Assigned task
Everything in the listing below from the line containing "These specs include: the" through the line containing "By early fall, the" must be repeated exactly; the remaining lines are not wanted.

Supplied entries
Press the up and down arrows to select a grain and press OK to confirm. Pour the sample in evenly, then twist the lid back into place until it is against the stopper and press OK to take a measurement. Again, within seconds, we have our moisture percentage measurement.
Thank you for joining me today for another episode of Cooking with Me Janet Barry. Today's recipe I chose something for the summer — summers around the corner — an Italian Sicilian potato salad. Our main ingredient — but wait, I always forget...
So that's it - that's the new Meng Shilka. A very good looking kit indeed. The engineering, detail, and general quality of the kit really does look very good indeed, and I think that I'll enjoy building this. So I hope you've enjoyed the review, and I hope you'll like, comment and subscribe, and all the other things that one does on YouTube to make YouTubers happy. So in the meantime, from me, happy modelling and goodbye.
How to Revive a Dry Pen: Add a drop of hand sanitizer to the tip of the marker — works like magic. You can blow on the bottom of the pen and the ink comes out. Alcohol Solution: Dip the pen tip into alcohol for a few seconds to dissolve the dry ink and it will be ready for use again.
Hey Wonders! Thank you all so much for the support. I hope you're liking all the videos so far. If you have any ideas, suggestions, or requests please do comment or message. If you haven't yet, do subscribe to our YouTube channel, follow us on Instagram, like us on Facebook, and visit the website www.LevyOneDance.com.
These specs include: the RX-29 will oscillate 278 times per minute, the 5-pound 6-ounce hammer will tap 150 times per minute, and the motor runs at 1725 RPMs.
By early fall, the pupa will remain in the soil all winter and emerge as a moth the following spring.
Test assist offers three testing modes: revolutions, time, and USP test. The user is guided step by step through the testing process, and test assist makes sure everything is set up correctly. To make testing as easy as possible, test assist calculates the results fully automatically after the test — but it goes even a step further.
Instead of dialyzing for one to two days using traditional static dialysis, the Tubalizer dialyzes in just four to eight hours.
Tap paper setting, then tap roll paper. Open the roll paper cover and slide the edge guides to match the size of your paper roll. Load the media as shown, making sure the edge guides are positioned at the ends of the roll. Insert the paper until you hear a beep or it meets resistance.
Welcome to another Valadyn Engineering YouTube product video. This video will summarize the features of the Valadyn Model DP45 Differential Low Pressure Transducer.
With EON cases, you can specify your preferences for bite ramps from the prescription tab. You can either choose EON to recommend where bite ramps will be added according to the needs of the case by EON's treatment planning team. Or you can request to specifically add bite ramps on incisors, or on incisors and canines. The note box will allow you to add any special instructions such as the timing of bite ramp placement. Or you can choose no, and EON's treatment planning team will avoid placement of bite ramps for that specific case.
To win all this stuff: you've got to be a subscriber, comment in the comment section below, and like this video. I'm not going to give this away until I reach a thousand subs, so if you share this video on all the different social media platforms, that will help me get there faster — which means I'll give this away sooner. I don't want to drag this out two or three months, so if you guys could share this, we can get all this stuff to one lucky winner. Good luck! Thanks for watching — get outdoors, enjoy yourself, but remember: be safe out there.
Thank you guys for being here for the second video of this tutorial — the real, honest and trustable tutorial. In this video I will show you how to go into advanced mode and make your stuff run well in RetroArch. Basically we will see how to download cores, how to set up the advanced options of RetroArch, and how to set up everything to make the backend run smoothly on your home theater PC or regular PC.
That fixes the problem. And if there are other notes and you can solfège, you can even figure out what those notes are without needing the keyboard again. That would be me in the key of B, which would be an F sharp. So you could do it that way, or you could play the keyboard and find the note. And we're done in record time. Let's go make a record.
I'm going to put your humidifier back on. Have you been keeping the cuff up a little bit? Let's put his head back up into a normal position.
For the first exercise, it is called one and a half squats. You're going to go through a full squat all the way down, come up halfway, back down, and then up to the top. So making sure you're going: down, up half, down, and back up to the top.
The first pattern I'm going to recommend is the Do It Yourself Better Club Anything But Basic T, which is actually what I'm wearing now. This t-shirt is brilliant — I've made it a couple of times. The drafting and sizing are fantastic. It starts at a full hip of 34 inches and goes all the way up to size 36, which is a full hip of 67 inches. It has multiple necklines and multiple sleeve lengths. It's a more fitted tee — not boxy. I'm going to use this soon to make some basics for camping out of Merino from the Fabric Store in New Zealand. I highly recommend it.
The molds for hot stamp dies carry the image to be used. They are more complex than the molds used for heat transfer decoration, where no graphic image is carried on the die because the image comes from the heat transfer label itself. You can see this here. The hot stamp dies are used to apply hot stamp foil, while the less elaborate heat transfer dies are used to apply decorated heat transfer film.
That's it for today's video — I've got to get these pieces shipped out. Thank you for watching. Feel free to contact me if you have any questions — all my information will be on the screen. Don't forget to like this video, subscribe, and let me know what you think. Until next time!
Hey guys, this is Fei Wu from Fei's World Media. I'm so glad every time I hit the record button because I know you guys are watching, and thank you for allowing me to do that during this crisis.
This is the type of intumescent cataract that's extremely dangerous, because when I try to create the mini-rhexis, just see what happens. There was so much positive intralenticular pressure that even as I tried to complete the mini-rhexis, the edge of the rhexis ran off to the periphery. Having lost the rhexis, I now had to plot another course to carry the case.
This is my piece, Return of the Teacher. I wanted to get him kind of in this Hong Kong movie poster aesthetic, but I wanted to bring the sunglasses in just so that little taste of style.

Answer to the exercise
These specs include: the RX-29 will oscillate 278 times per minute, the 5-pound 6-ounce hammer will tap 150 times per minute, and the motor runs at 1725 RPMs.
By early fall, the pupa will remain in the soil all winter and emerge as a moth the following spring.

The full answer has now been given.